A new piece of US research backs the idea that aspirin protects against certain types of breast cancer.
Mounting evidence suggests aspirin reduces breast cancer risk
It found women who used aspirin or similar painkillers at least once per week for six months reduced their risk of breast cancer by 20%.
However, the University of Columbia researchers say it is too soon to advise women to start taking aspirin against breast cancer, however.
Their findings appear in the Journal of the American Medical Association.
Previous studies have suggested aspirin may protect against a range of cancers, including breast, colon and bowel.
Dr Mary Beth Terry and colleagues looked at almost 1,500 women with breast cancer and a similar number of healthy women acting as controls.
They then examined what effect the frequency and duration of use of aspirin or other non-steroidal anti-inflammatory drugs (NSAIDs) had on the women's risk of breast cancer.
The researchers found a dose effect. Women who had taken aspirin at least once per week for six months or longer were 20% less likely to develop certain breast tumours.
But those who used seven or more tablets a week reduced their risk by 28%.
Women who had gone through the menopause showed the greatest benefits.
The reduced risk was only seen among those with a type of breast cancer that is thought to be linked to oestrogen, however.
This is the most common type of breast tumour.
Almost two-thirds of tumours from pre-menopausal women and three-quarters of tumours from post-menopausal women contain detectable oestrogen receptors, which means their growth is stimulated by the presence of oestrogen, according to Cancer Research UK.
The results for NSAIDs such as ibuprofen was slightly weaker.
Use of a painkiller which works in a different way to aspirin and NSAIDs did not appear to reduce the risk of breast cancer.
Dr Terry and colleagues said: "These data add to the growing evidence that supports the regular use of aspirin and other NSAIDs as effective chemopreventive agents for breast cancer."
Balancing risks and benefits
Aspirin and NSAIDs are associated with gastric side effects, in particular bleeding, among regular users.
Dr Terry's team said it was important to have more research to look at what dose of aspirin might be protective.
"The potential benefits need to be balanced against potential harmful effects of long-term aspirin use such as peptic ulcer disease and gastrointestinal bleeding," they said.

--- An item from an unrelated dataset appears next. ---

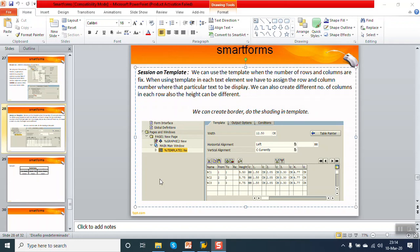In this session we will see how to use a template in Smart Forms. We can use a template when the number of rows and columns are fixed. We cannot use a template when we have a continuous number of rows — for example, if you want to print purchase line items, the number of rows are not fixed. There might be 10 or 20 line items, so in that case we cannot use a template.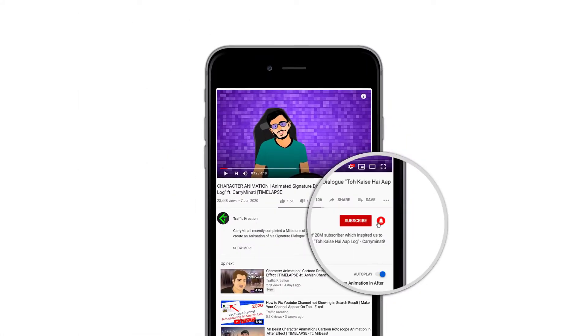Hit the like and subscribe button and press the bell icon to never miss an update and new videos from Traffic Creation.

"It is also important to study whether these findings are supported in more racially and ethnically diverse populations," they added.
Pamela Goldberg, chief executive of Breast Cancer Campaign said: "This is a very interesting study and opens up a whole range of further research, not only in the possible use of aspirin to reduce risk but also in conjunction with existing drugs to improve treatments."

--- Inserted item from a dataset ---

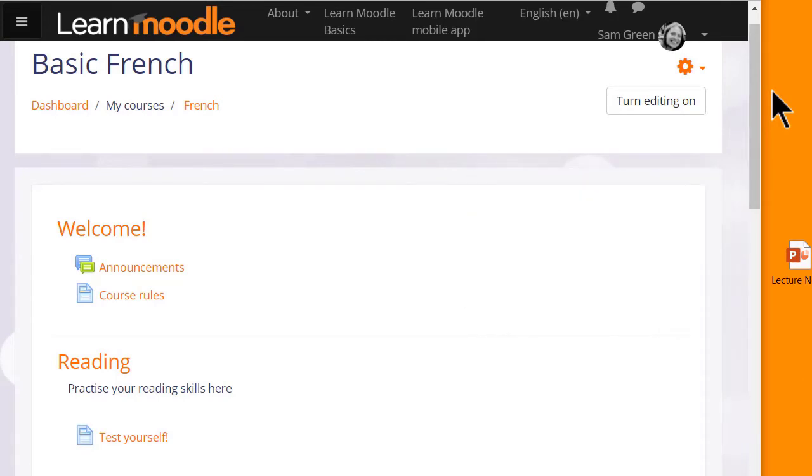The second way is by using Moodle's activity chooser and file picker and we look at that in a later video. Both ways need the editing to be turned on.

But she added: "Aspirin is not without side effects and we don't know what the negative consequences of long-term use might be nor the dose.
"Many people are already taking low dose aspirin to reduce the risk of heart disease and it would be really interesting if this drug which we take so much for granted could also reduce the risk of breast cancer."
Samia al Qadhi, joint chief executive of Breast Cancer Care said: "We would like to stress caution to all women who are considering taking aspirin as a result of this study because aspirin can be associated with other health issues such as gastrointestinal problems.
She advised all women to consult their local GP to discuss the benefits and risks.
"We feel it is vital that more clinical research is undertaken to examine the effect of aspirin on breast cancer," she said.
Breakthrough Breast Cancer and Cancer Research UK also recommended further research.
Dr John Toy, medical director at Cancer Research UK, said: "The new study suggests that aspirin can prevent hormone positive tumours and not hormone negative tumours.
"This is the first report of this observation and, as ever in science, the findings need to be replicated before we can draw definitive conclusions."